O governo francês decidiu eliminar qualquer imposto adicional sobre o óleo de palma destinado ao uso em produtos alimentícios. A medida foi bem recebida pelo Conselho de Óleo de Palma da Malásia, que afirmou que o imposto adicional “teria deixado milhares de pequenos agricultores desempregados”. A organização instou o governo francês a abandonar “de uma vez por todas” o que considerava uma campanha tributária injusta contra o óleo de palma.

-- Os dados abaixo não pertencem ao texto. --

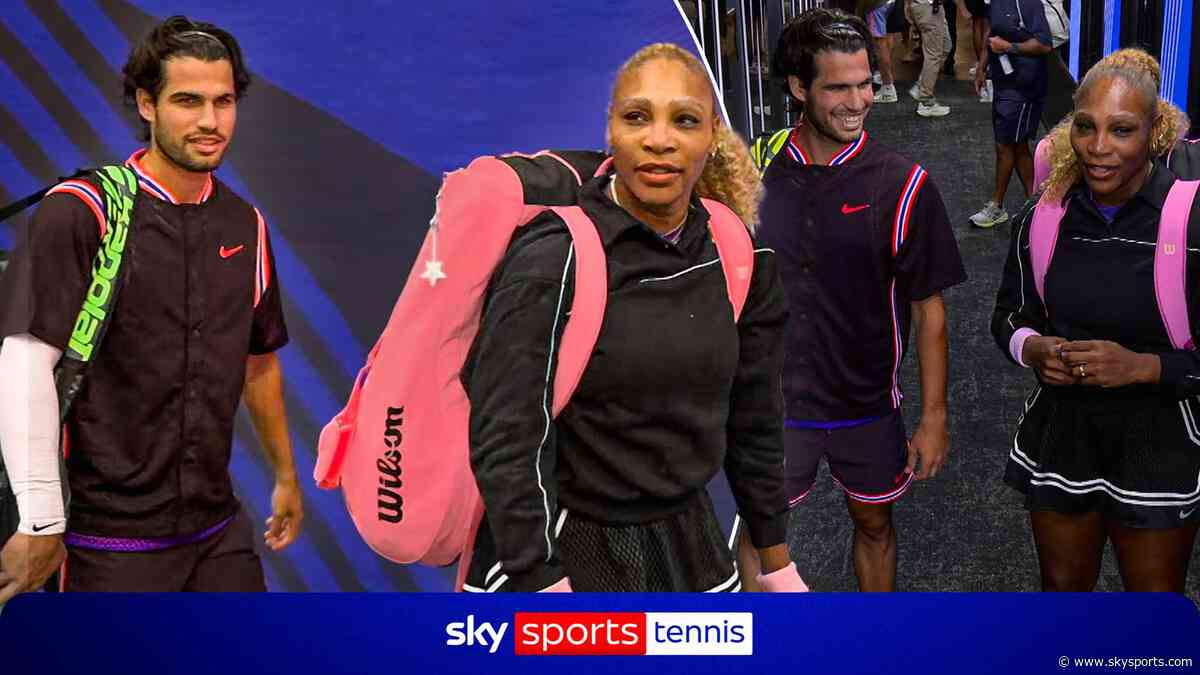 'GOOSEBUMPS!' - Alcaraz and Williams arrive at US Open!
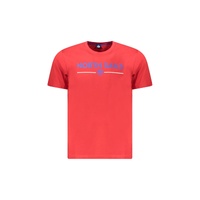 North Sails Men's Red Cotton T-Shirt - 3XL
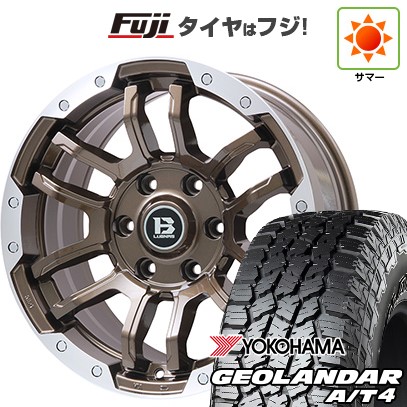 プラド/ハイラックス/トライトン 夏タイヤ ホイール4本セット 265/60R18 ヨコハマ ジオランダー A/T4 G018 RBL ビッグウエイ B-LUGNAS FRD(ブロンズ/リムポリッシュ) 18インチ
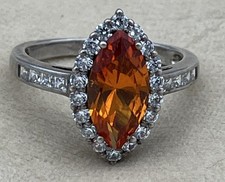 Diamonique ring size for sale  ANDOVER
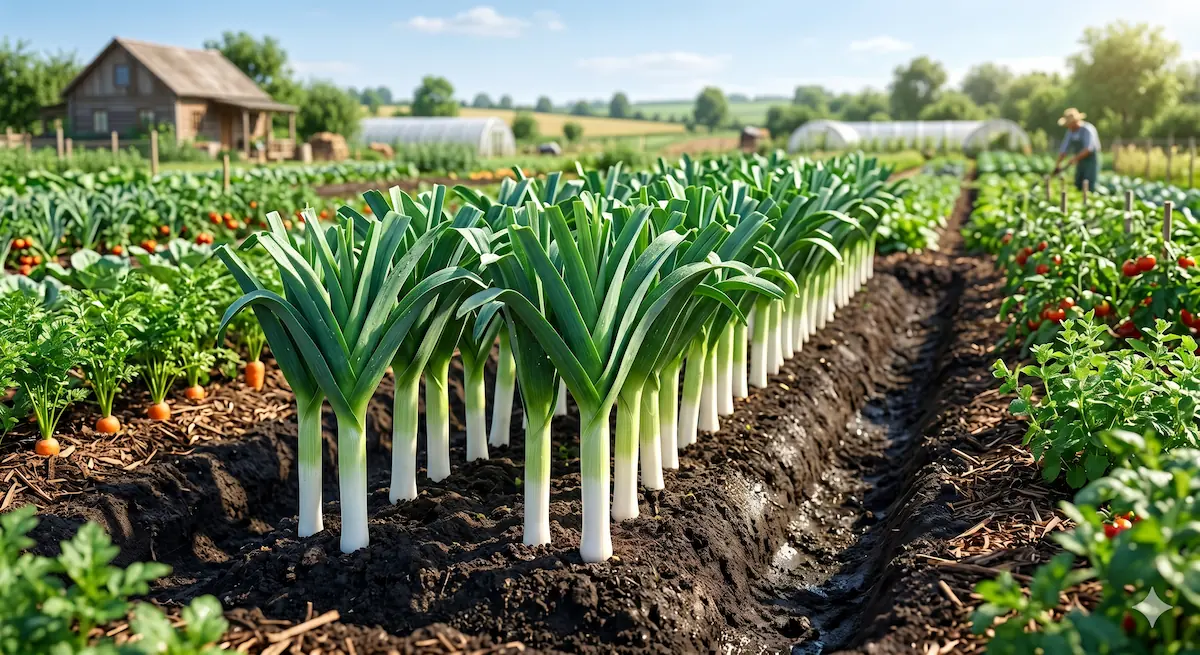 Leeks: How to Grow the Perfect "Blanched" White Stem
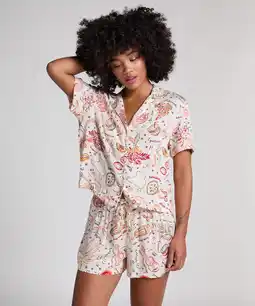 Hunkemoller Hunkemöller Short Satin Wit aanbieding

O imposto sobre o óleo de palma tem sido uma questão recorrente, abordada pela primeira vez em 2012 em meio a preocupações ambientais e discutida pelo Senado e pela Assembleia Nacional — os legisladores responsáveis pela decisão final.
Apelidado de “imposto da Nutella” devido ao gosto dos franceses pela pasta de chocolate italiana, o plano inicial aplicado ao óleo de palma teria aumentado os impostos de € 100 por tonelada para € 300 (US$ 326) por ano a partir de 2017. Isso significaria um aumento para 500 euros por tonelada em 2018, 700 euros por tonelada em 2019 e 900 euros por tonelada em 2020.
No entanto, fortes protestos da Malásia e da Indonésia — os dois maiores produtores de óleo de palma — levaram a Assembleia Nacional da França a aprovar a cobrança de uma sobretaxa gradual, começando em €30 (US$ 34) em 2017, 50 euros em 2018 e 90 euros em 2020, uma redução considerável em relação à proposta original.
O óleo de palma é um dos óleos vegetais menos tributados na França. No entanto, o novo projeto de lei sobre diversidade, no qual o imposto sobre o óleo de palma estava incluído, não foi aprovado pela Assembleia Nacional em junho de 2016, o que significou que o imposto adicional havia sido totalmente descartado. O Secretário de Estado da França informou ao Parlamento que havia alguma incerteza jurídica em relação à lei, que se concentrava em apenas um tipo de óleo vegetal.
O jornal francês Le Dauphine relatou que se tratava de uma “batalha de lobby diplomático e comercial”. O jornal afirmou que a Indonésia ameaçou não comprar o Airbus A 400M militar proposto caso a lei de biodiversidade fosse aprovada.
O ministro da Defesa da Indonésia disse à Reuters em maio que o país planejava comprar algumas aeronaves de transporte militar. O ministro Ryamizard Ryacudu afirmou: “Tenho um plano para comprar A400s da Europa… mas apenas um pequeno número. Não há necessidade de comprar muitos.” De fato, a economia da França sofreria um golpe caso a ameaça fosse concretizada.
Grupos de proteção ambiental e de consumidores em todo o mundo continuam preocupados com a destruição das florestas e as implicações negativas do óleo de palma para a saúde.